Wonen is voor veel lage middeninkomens niet te betalen
Dat de Nederlandse middeninkomens tussen wal en schip vallen, is niets nieuws. Huishoudens met een laag middeninkomen verdienen te veel voor een sociale huurwoning, maar kunnen een huis in de vrije huur- of koopsector ook niet betalen. Dat wordt deze week weer bevestigd door een rapport van het Planbureau voor de Leefomgeving (PBL).
Middeninkomens zitten knel
Wie behoort tot de groep met een middeninkomen? Volgens het PBL is dit een hele diverse groep, die varieert van jongeren tot ouderen, gezinnen en alleenstaanden. Ongeveer 1,5 miljoen huishoudens vallen onder de noemer middeninkomen.

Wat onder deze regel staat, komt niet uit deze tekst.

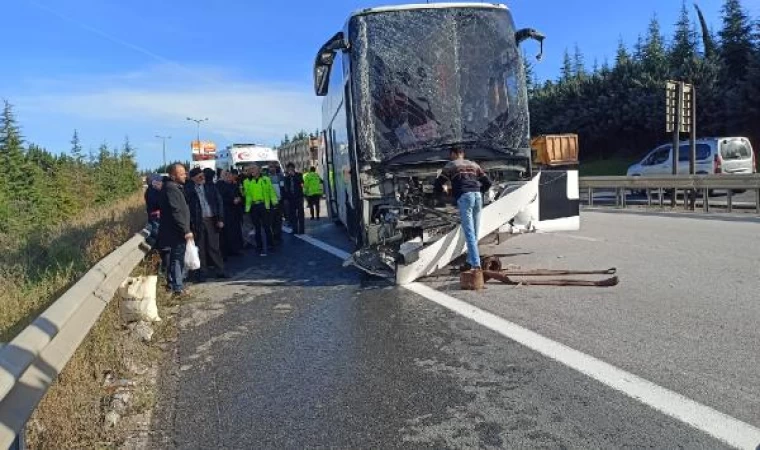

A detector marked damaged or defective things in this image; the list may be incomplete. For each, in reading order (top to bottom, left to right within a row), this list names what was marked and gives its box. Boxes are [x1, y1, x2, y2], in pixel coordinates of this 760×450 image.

shattered windshield [348, 6, 528, 165]
crashed passenger bus [312, 2, 580, 284]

De lage middeninkomens hebben het het zwaarst op de woningmarkt. Zij verdienen tussen de €34.678 en €38.690 bruto per jaar. Vaak ligt hun inkomen net boven het toegestane maximum waarmee je in aanmerking komt voor een sociale huurwoning, maar is het te weinig om een huurwoning van meer dan €700 per maand van te kunnen betalen. Kortom, een passende woning is er voor deze huishoudens eigenlijk niet. Alleen het verruimen van het maximale toegestane inkomen zou op korte termijn verlichting kunnen bieden, denkt het PBL.
Bijna helft goedkope scheefwoners kan geen huurwoning in vrije sector betalen
Mensen die in een sociale huurwoning wonen, maar hier eigenlijk een te hoog inkomen voor hebben, worden ook wel goedkope scheefwoners genoemd. Om hen te motiveren uit hun sociale huurwoning te vertrekken en in de vrije sector te gaan huren, kunnen zij extra huurverhoging krijgen. Door het PBL wordt echter opgemerkt dat een groot gedeelte van deze scheefwoners het moeilijk zou krijgen wanneer zij echt de vrije huursector in zouden moeten. De helft (44%) van deze scheefwonende middeninkomens kan namelijk helemaal geen huurwoning buiten de sociale sector betalen. Ook voor hen zou het verruimen van de sociale sector gunstig uitpakken. Het PBL roept het nieuwe kabinet daarom op om extra maatregelen te nemen, waardoor middeninkomens het snel makkelijker krijgen op de woningmarkt.